Re: [PATCH v4 3/3] fs: introduce getfsxattrat and setfsxattrat syscalls
From: Andrey Albershteyn
Date: Fri Apr 25 2025 - 14:17:23 EST
On 2025-04-22 17:14:10, Christian Brauner wrote:
> On Tue, Apr 22, 2025 at 04:31:29PM +0200, Christian Brauner wrote:
> > On Thu, Mar 27, 2025 at 12:39:28PM +0100, Amir Goldstein wrote:
> > > On Thu, Mar 27, 2025 at 10:33 AM Andrey Albershteyn <aalbersh@xxxxxxxxxx> wrote:
> > > >
> > > > On 2025-03-23 09:56:25, Amir Goldstein wrote:
> > > > > On Fri, Mar 21, 2025 at 8:49 PM Andrey Albershteyn <aalbersh@xxxxxxxxxx> wrote:
> > > > > >
> > > > > > From: Andrey Albershteyn <aalbersh@xxxxxxxxxx>
> > > > > >
> > > > > > Introduce getfsxattrat and setfsxattrat syscalls to manipulate inode
> > > > > > extended attributes/flags. The syscalls take parent directory fd and
> > > > > > path to the child together with struct fsxattr.
> > > > > >
> > > > > > This is an alternative to FS_IOC_FSSETXATTR ioctl with a difference
> > > > > > that file don't need to be open as we can reference it with a path
> > > > > > instead of fd. By having this we can manipulated inode extended
> > > > > > attributes not only on regular files but also on special ones. This
> > > > > > is not possible with FS_IOC_FSSETXATTR ioctl as with special files
> > > > > > we can not call ioctl() directly on the filesystem inode using fd.
> > > > > >
> > > > > > This patch adds two new syscalls which allows userspace to get/set
> > > > > > extended inode attributes on special files by using parent directory
> > > > > > and a path - *at() like syscall.
> > > > > >
> > > > > > CC: linux-api@xxxxxxxxxxxxxxx
> > > > > > CC: linux-fsdevel@xxxxxxxxxxxxxxx
> > > > > > CC: linux-xfs@xxxxxxxxxxxxxxx
> > > > > > Signed-off-by: Andrey Albershteyn <aalbersh@xxxxxxxxxx>
> > > > > > Acked-by: Arnd Bergmann <arnd@xxxxxxxx>
> > > > > > ---
> > > > > ...
> > > > > > +SYSCALL_DEFINE5(setfsxattrat, int, dfd, const char __user *, filename,
> > > > > > + struct fsxattr __user *, ufsx, size_t, usize,
> > > > > > + unsigned int, at_flags)
> > > > > > +{
> > > > > > + struct fileattr fa;
> > > > > > + struct path filepath;
> > > > > > + int error;
> > > > > > + unsigned int lookup_flags = 0;
> > > > > > + struct filename *name;
> > > > > > + struct mnt_idmap *idmap;.
> > > > >
> > > > > > + struct dentry *dentry;
> > > > > > + struct vfsmount *mnt;
> > > > > > + struct fsxattr fsx = {};
> > > > > > +
> > > > > > + BUILD_BUG_ON(sizeof(struct fsxattr) < FSXATTR_SIZE_VER0);
> > > > > > + BUILD_BUG_ON(sizeof(struct fsxattr) != FSXATTR_SIZE_LATEST);
> > > > > > +
> > > > > > + if ((at_flags & ~(AT_SYMLINK_NOFOLLOW | AT_EMPTY_PATH)) != 0)

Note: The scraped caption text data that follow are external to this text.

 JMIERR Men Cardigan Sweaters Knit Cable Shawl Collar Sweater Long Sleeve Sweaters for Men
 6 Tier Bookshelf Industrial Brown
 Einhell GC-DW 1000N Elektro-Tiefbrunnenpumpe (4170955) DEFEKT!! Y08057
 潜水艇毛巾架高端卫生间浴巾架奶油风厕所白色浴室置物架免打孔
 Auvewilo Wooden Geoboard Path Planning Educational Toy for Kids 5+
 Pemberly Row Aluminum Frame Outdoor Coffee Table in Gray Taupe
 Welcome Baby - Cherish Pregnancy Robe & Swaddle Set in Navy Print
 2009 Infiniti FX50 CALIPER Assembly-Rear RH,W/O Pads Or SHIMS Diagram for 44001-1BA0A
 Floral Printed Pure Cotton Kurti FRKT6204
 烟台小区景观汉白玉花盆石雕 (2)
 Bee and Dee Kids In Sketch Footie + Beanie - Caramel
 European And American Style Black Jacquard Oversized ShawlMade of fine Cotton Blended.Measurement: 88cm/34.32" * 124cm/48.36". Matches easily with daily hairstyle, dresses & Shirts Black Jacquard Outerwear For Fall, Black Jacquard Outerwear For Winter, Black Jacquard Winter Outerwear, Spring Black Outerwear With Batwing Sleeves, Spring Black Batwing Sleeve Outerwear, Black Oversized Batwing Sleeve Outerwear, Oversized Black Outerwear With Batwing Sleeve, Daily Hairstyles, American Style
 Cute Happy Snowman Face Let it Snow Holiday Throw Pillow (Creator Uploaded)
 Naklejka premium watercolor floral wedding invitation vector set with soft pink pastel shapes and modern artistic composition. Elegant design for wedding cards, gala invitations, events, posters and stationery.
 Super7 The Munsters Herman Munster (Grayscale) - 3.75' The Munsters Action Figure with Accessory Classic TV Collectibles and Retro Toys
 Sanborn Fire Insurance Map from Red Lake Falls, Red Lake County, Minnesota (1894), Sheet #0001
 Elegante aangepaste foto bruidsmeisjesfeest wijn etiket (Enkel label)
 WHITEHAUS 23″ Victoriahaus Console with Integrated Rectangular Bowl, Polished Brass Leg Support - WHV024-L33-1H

> > > > > > + return -EINVAL;
> > > > > > +
> > > > > > + if (!(at_flags & AT_SYMLINK_NOFOLLOW))
> > > > > > + lookup_flags |= LOOKUP_FOLLOW;
> > > > > > +
> > > > > > + if (at_flags & AT_EMPTY_PATH)
> > > > > > + lookup_flags |= LOOKUP_EMPTY;
> > > > > > +
> > > > > > + if (usize > PAGE_SIZE)
> > > > > > + return -E2BIG;
> > > > > > +
> > > > > > + if (usize < FSXATTR_SIZE_VER0)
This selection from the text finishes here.